After which Olwen pondered:
>Cripes they must have been small camels.  Where do you get camels small
>enough to do that with?

Big camels cooked in really big pans on big fires and served on big
tables, or how else can you get 6 animals inside one.

This recipe floating around the web is, i think, a joke. Some of the
quantities seem a bit doubtful... (you couldn't get 20 chickens into
a lamb and 5 lb seems like way too much pepper), not to mention some
of the language in the recipe. Interesting idea, though.

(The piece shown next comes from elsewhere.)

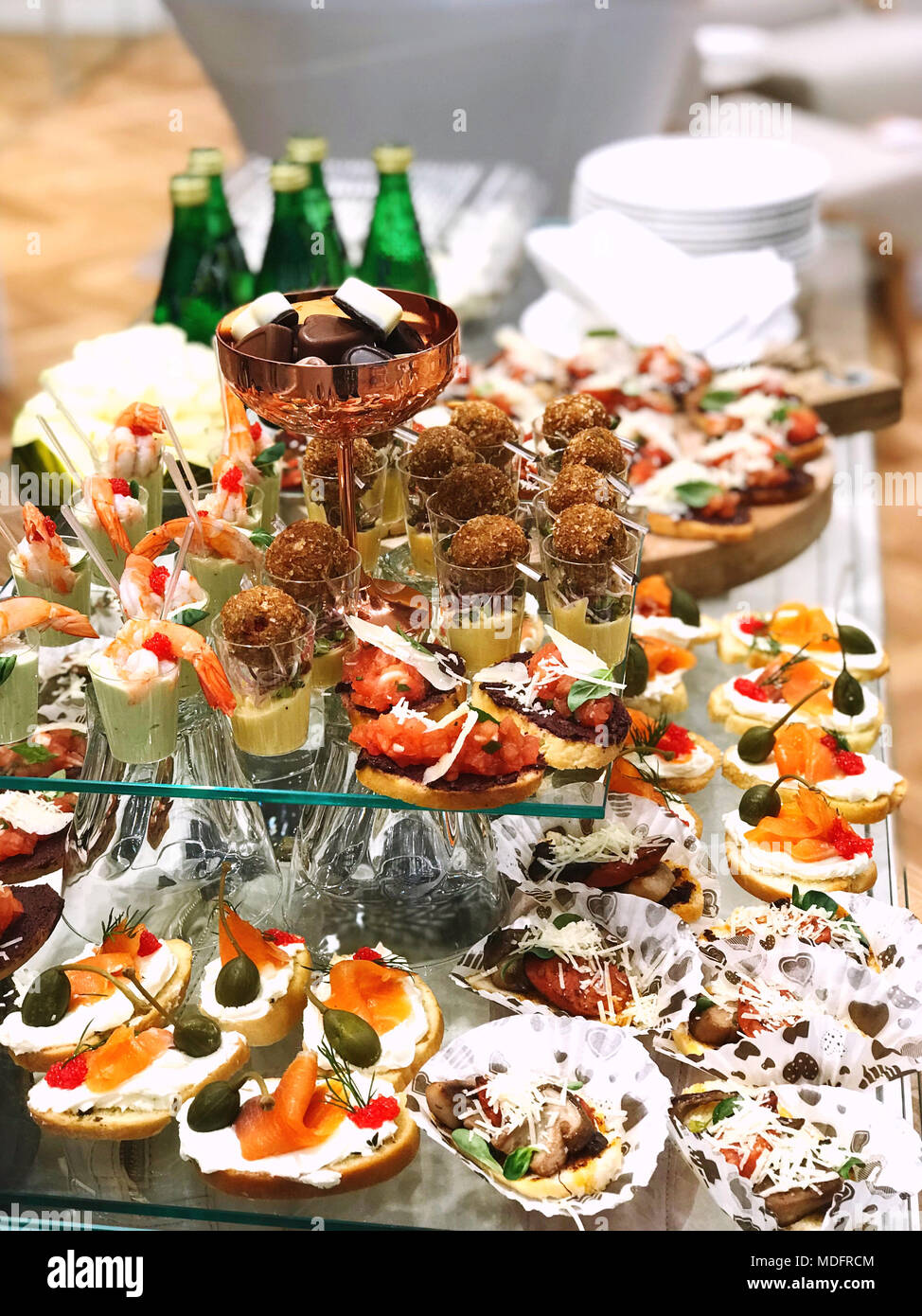 Buffet table with canapes Stock Photo - Alamy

1 whole camel, medium size
1 whole lamb, large size
20 whole chickens, medium size
60 eggs
12 kilos rice
2 kilos pine nuts
2 kilos almonds
1 kilo pistachio nuts
110 gallons water
5 pounds black pepper
Salt to taste

Skin, trim and clean camel (once you get over the hump), lamb and
chicken. Boil until tender. Cook rice until fluffy. Fry nuts until
brown and mix with rice. Hard boil eggs and peel. Stuff cooked
chickens with hard boiled eggs and rice. Stuff the cooked lamb with
stuffed chickens. Add more rice. Stuff the camel with the stuffed
lamb and add rest of rice. Broil over large charcoal pit until brown.
Spread any remaining rice on large tray and place camel on top of
rice. Decorate with boiled eggs and nuts. Serves friendly crowd of
80-100.

Shararazod Eboli, Home Economist, Dammam, Saudi Arabia
from "International Cuisine", presented by California Home Economics
Teachers, 1983 (ISBN 0-89626-051-8)
---------------

However, i have heard of legitimate recipes involving stuffing one
critter into another... For example, Chef Paul Prudhomme's
Tur-duc-ken recipe that sometimes is heard on NPR at Thanksgiving -a
chicken stuffed into a duck stuffed into a turkey - the bones having
been taken out first. Here's Chef Paul's recipe:
http://www.chefpaul.com/turducken.html

Or you can buy one ready-to-cook for around $105 from several on-line
"cajun" food vendors. At 16 lb they're only half the size of Chef
Paul's 30-lb monster, though.

Can it really be done? Here's a page documenting a multi-day process
to create one by a bunch of scientists in Colorado:
http://origins.colorado.edu/~kachun/turducken.shtml
This page describes the set-up, and the actual photographically
documented recipe is on a following page "for the strong of heart".
It's pretty impressive.

Anahita
It can't be a sotiltie, there's nothing subtle about it!